A lamúria tem explicação: a chuva é indispensável para o bom andamento de seus negócios. Além de ser dono de uma fazenda onde produz soja, milho, trigo e gado, Gallassini é presidente da Coamo Agroindustrial, a maior cooperativa da América Latina. Com mais de 22 mil associados, quatro milhões de hectares plantados (área pouco menor do que o Estado do Rio de Janeiro) e cinco fábricas que produzem 1,4 mil toneladas de alimentos ao dia, a Coamo faturou R$ 4,6 bilhões no ano fiscal encerrado em junho deste ano. A receita fez com que a cooperativa alcançasse a 81ª colocação na lista Melhores e Maiores da revista Exame, à frente de empresas como a rede de varejo Magazine Luiza, a fabricante de papel Suzano e a construtora Andrade Gutierrez.

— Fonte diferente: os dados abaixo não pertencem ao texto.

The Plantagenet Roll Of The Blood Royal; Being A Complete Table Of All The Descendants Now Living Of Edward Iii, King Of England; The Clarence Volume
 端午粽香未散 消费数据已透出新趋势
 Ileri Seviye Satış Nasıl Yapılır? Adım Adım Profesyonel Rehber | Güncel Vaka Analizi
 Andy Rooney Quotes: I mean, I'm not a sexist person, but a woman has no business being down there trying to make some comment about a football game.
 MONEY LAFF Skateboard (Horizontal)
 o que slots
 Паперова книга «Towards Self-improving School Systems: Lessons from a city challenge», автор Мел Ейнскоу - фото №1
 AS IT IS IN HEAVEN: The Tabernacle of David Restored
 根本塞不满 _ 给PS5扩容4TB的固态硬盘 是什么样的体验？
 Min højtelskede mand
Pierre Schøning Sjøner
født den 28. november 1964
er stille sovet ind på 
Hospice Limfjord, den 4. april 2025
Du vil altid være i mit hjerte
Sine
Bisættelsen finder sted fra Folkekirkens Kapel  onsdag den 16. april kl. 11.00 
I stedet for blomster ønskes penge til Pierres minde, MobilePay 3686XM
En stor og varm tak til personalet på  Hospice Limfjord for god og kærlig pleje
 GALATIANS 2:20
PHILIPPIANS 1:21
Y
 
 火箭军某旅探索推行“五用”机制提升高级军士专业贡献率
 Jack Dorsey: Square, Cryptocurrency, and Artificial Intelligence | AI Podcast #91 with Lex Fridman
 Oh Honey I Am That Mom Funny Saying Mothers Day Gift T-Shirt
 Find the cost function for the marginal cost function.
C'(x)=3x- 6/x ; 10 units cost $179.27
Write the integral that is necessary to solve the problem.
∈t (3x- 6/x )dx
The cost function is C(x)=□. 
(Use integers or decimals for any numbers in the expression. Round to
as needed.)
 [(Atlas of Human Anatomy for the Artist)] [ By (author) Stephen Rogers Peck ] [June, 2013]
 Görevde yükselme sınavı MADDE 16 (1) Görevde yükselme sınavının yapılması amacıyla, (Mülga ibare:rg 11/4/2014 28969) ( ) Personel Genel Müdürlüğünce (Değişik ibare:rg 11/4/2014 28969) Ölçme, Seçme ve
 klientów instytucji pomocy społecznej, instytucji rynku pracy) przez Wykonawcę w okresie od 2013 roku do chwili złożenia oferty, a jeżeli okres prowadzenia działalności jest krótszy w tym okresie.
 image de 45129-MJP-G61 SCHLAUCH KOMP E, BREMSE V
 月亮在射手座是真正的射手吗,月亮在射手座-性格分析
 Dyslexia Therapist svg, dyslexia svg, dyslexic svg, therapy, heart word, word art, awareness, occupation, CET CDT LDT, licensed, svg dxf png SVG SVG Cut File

Apesar do tamanho expressivo e dos números positivos, a estiagem não é a única incerteza a rondar a sede da Coamo, que completa 40 anos no fim de novembro. A apreensão dos cooperados também está relacionada à sucessão de Gallassini. “É um homem inteligente, que se cercou de pessoas capazes e transformou a cooperativa no que ela é hoje”, disse o agricultor Moacir Ferri, de 63 anos. “Minha grande preocupação é ter de trocar a atual administração”.
A inquietação tem fundamento. Perto de completar 70 anos, Gallassini ocupa o cargo desde 1975 e sua história se confunde com a da cooperativa. O mandatário chegou a Campo Mourão no final da década de 60, quando era engenheiro agrônomo e foi transferido pela antiga Associação de Crédito e Assistência Rural (Acarpa, que depois mudaria de nome para Empresa Paranaense de Assistência Técnica e Extensão Rural) para fazer um levantamento da região. O que encontrou era desanimador. Tratores, por exemplo, só existiam cinco. As poucas fazendas de trigo não eram mecanizadas. O solo vermelho, muito fértil, não era produtivo por causa da acidez. Não por acaso, a cidade era conhecida como a terra dos “três S”: sapé, samambaia e saúva.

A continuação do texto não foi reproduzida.